Yeovil Times 10 March 2004

King of Comic Song

by Jack Sweet

One of the world's best-known comic song writers died in Yeovil and is buried in an unmarked grave at Yeovil Cemetery. Harry Wincott, born Alfred James Walden, died in Yeovil on 20 April 1947, aged 81 years.

He wrote thousands of songs including 'Made- moiselle from Armentiers', 'Any Old Iron', 'How's Your Father?' and 'Boiled Beef and Carrots'.

If he had written his songs today he would be a wealthy man but Harry sold his songs for as little as seven shillings and sixpence and for a time he slept on the London Embankment when he could not find a lodging house within his meagre means.

Harry was just a boy when he started writing and Charlie Chaplin's father was one of his first customers.

At the time of his death he was living in Goldcroft, Yeovil.

Famous songwriter in unmarked grave

Described as "The King of Comic Songwriters" Harry Wincott, born Alfred James Walden, died in Yeovil on 20 April 1947, aged 80 years.

In May 1947, the Yeovil Review recorded: "He wrote thousands of songs.  Some of them are still sung "Mademoiselle from Armentiers", "Any Old Iron", "How's your Father" and "Boiled Beef and Carrots" to name but a few.

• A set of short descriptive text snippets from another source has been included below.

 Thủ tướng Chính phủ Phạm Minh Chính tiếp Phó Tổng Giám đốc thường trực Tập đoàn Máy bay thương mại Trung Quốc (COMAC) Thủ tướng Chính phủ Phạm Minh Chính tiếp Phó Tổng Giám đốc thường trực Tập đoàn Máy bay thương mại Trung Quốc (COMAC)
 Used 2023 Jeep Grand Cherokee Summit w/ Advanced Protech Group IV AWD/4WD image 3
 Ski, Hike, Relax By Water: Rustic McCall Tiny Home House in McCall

"Had he written them nowadays, when song writers are paid handsome royalties and are protected by the Performing Rights Society, he would have made a fortune.  Instead he knew hard times, often sleeping on the London Embankment and living in cheap lodging houses.

"Right up to the time of his death Harry used to tell his wife: 'I'm going to bet that I'll write another winner before I turn my toes up' - but he never did.

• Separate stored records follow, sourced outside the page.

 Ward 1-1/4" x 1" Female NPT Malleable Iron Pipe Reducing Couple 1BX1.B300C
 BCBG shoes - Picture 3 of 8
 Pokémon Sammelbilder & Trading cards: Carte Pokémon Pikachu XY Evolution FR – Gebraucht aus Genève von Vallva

"He liked to remember, even at a time when he did not know where the next meal was coming from, that he had written more songs than any other living writer.

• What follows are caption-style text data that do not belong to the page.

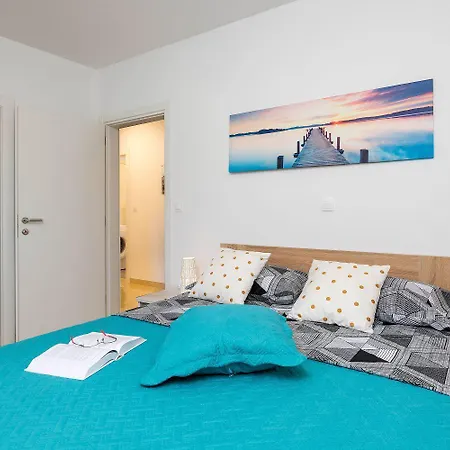Charmante Mit Privatem Pool, Klima, Sonnenliegen, Terrasse Und Grill Holiday home *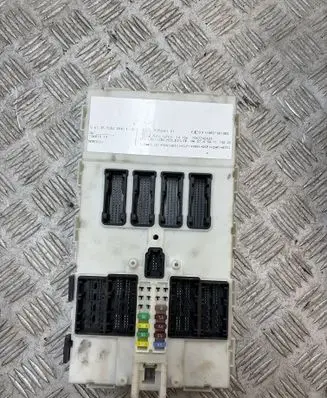 BMW 4 F36 Gran coupe Central body control module 9352861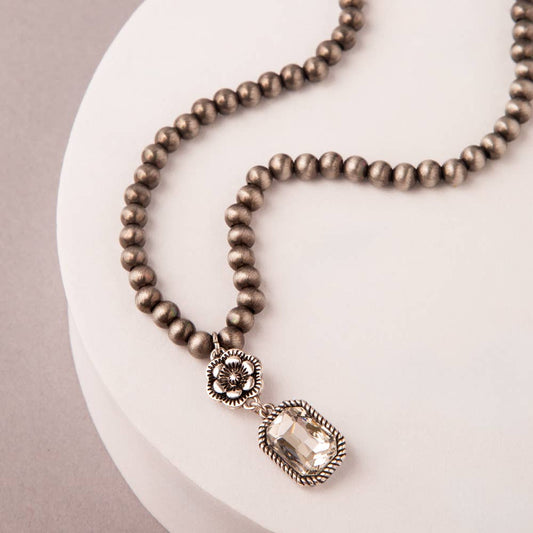 Western Floral Jeweled Pearl Beaded Necklace : Crystal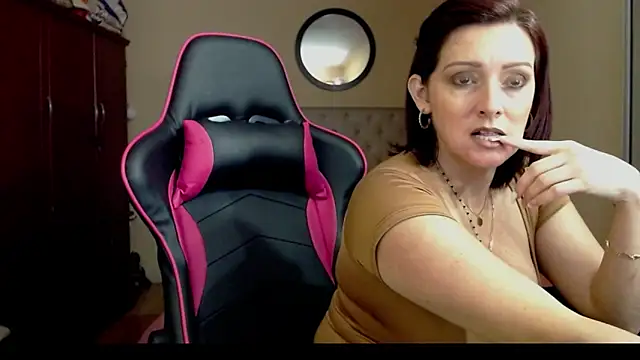 Snapshot of Carol_Scottt chatting on 01/25/25, 07:39 Carol Scottt online show from 01/25/25, 07:39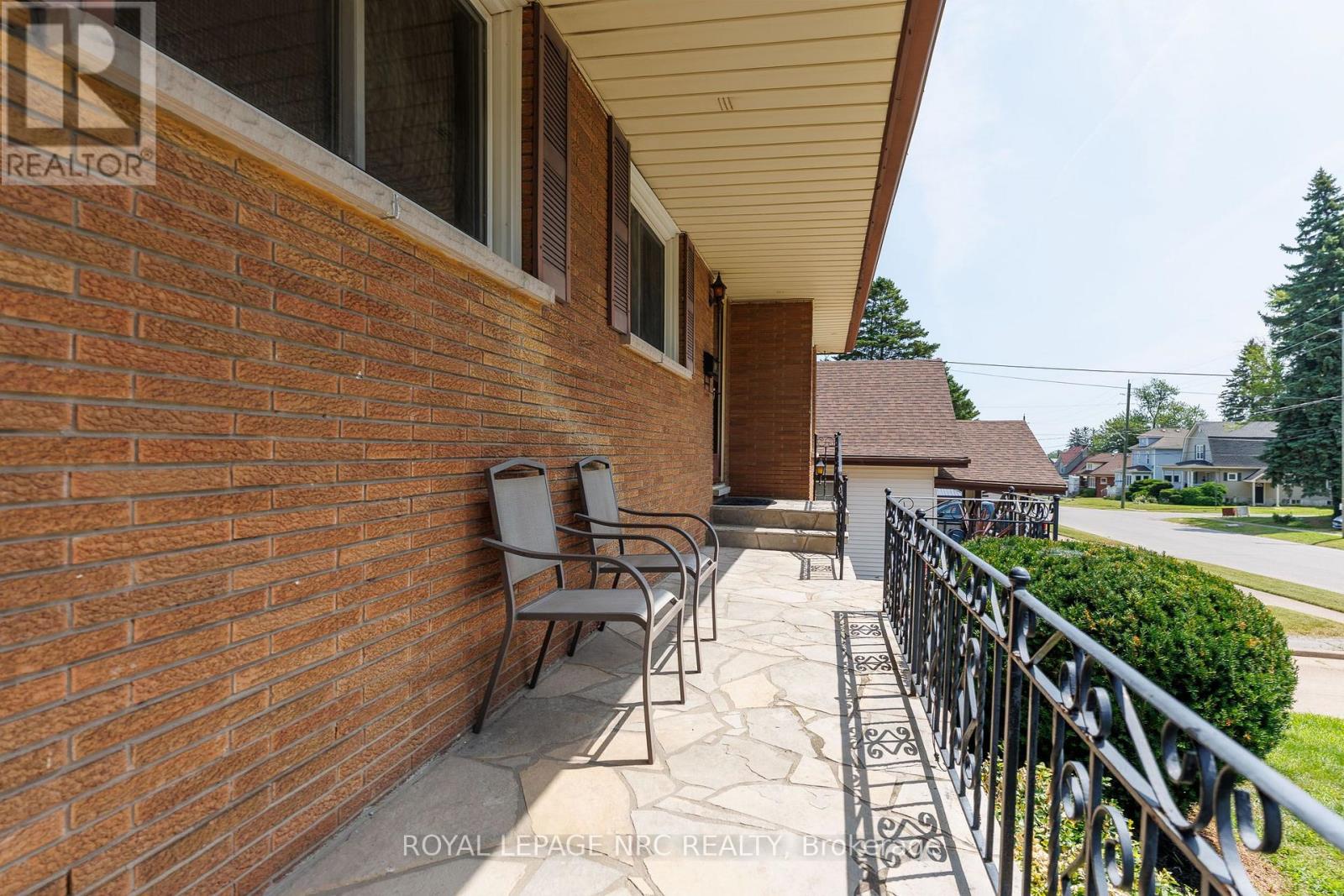 6313 Crawford Street, Niagara Falls, Ontario  L2E 5Y8 - Photo 10 - X13612822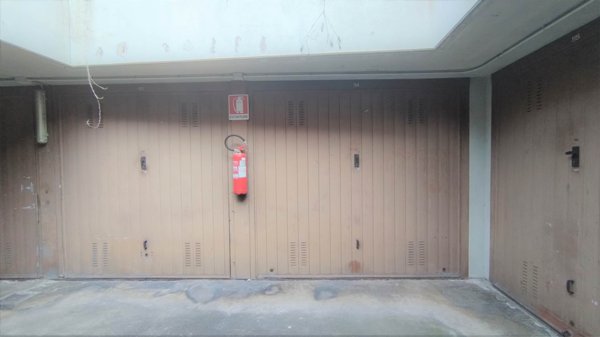 box auto in vendita a Cinisello Balsamo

"He never grumbled because he knew poverty.  'I've lived a full life, had lots of fun, and met lots of good fellows.'  That was his philosophy.

"He was just a boy when he started writing, and Charlie Chaplin's father was one of the first artistes to whom he sold his work.  Film start Charlie was only a few months old then; often he took him on his knee and crooned his latest melody in his ear.

"That child," Chaplin senior used to say, "will be a great comedian one day".

"And I'll be one of the world's greatest rag-time writers," Harry would reply laughingly.   And they were both right.

" But there was very little money in song-writing in those days.  Although one of Harry's pieces, 'When the Old Dun Caw Caught Fire' sold a quarter of a million copies, he received exactly a guinea for it.  Song writers sold their songs outright to the artistes who were going to sing them and that was the end of financial reward for the writer, although his song might make the singer famous and wealthy almost overnight.  Marie Lloyd and Dan Leno liked his work.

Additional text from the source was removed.